_Instructions to follow:_ Take the material below and extract the lines from the one with "a kitchen with" through the one with "Young mixed race", word for word, without pictures.

_Exercise materials:_

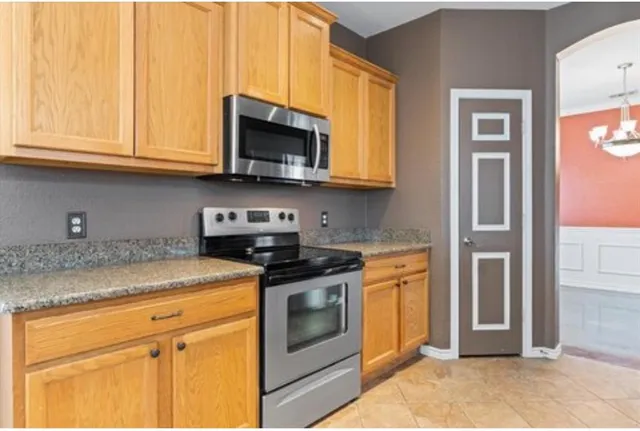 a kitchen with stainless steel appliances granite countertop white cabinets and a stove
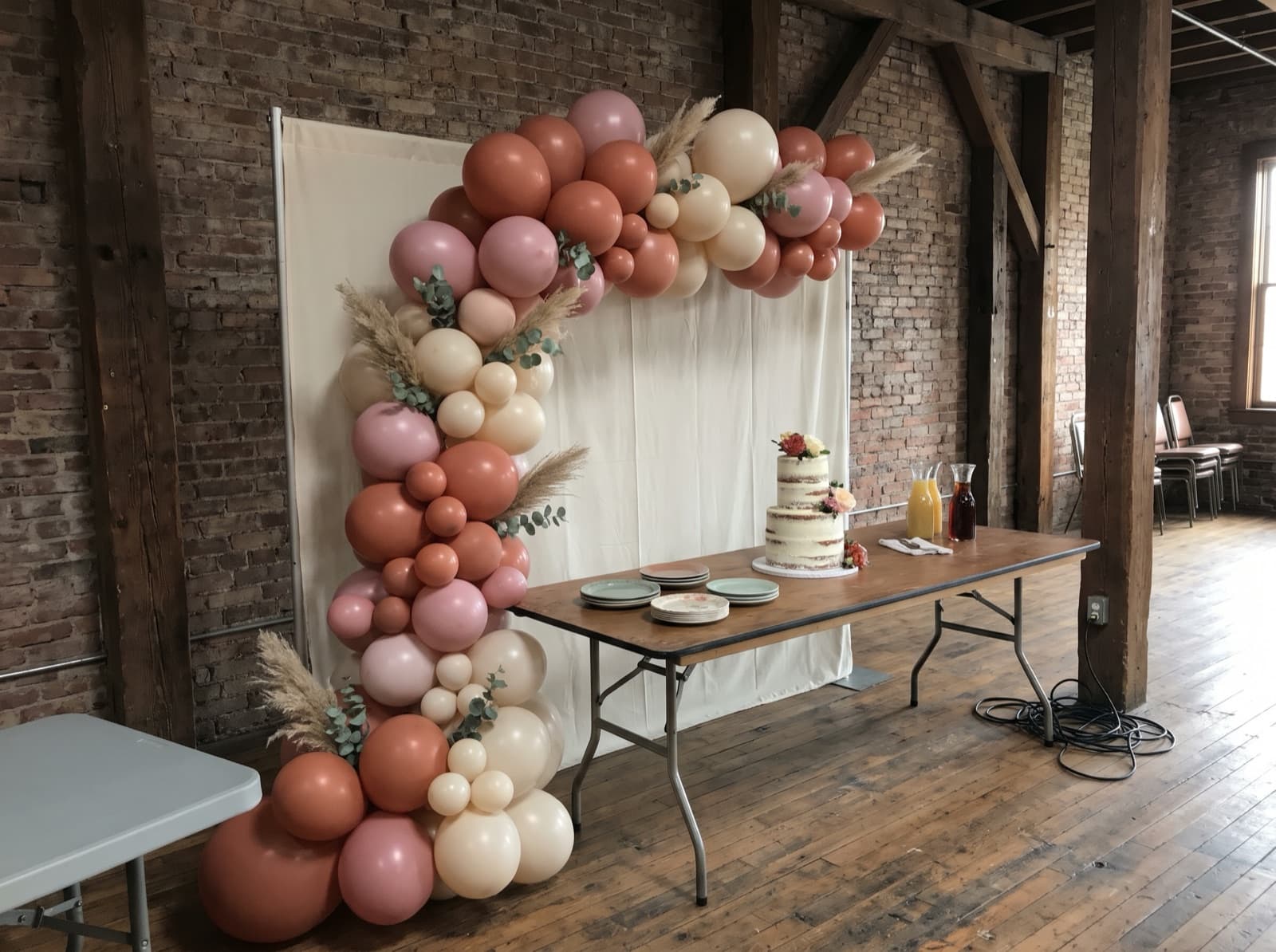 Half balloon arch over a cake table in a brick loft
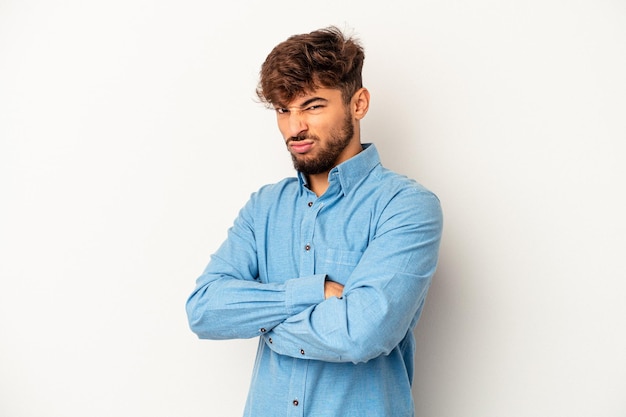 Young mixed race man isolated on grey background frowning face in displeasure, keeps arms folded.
* * *
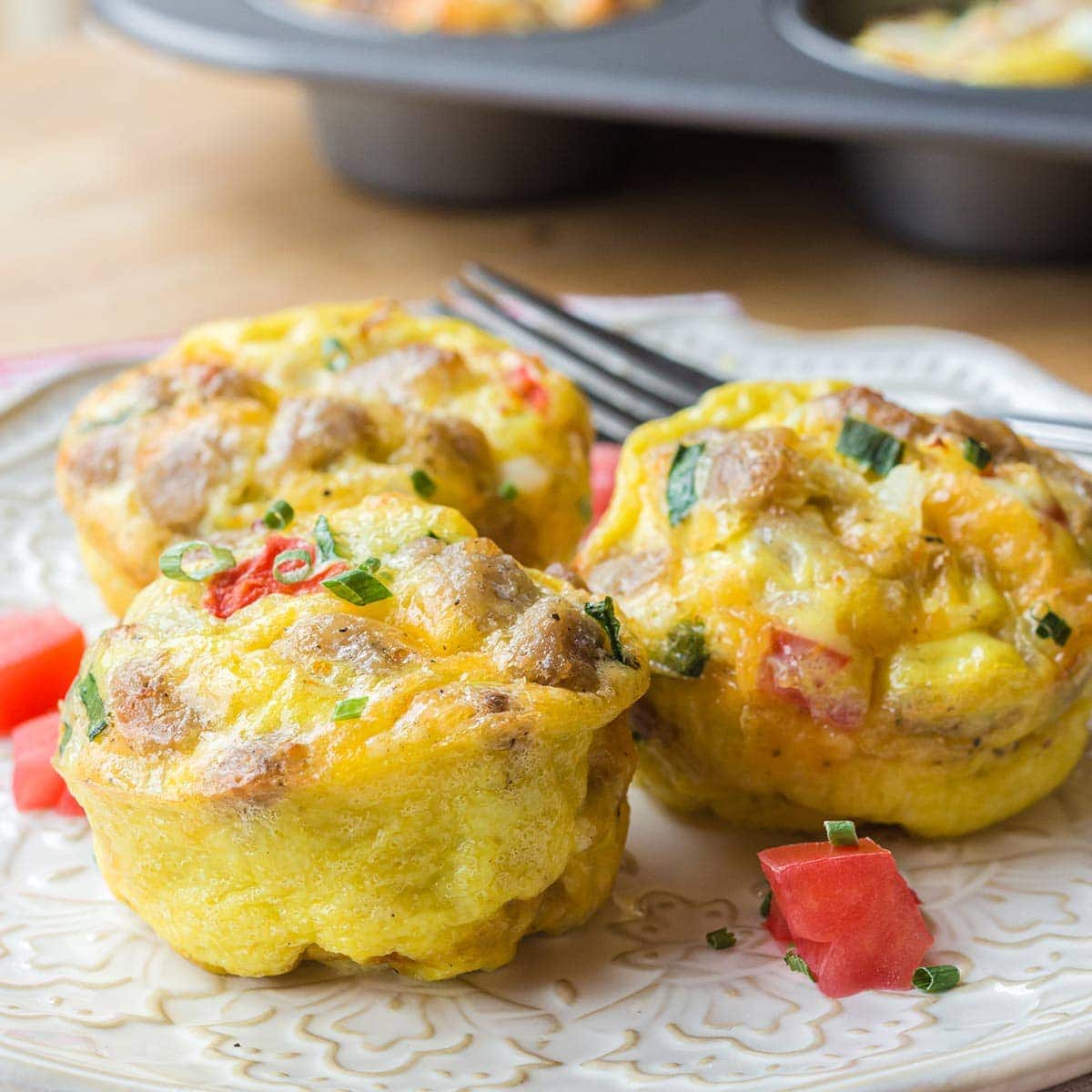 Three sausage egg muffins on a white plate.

_Exercise result:_
 a kitchen with stainless steel appliances granite countertop white cabinets and a stove
 Half balloon arch over a cake table in a brick loft
 Young mixed race man isolated on grey background frowning face in displeasure, keeps arms folded.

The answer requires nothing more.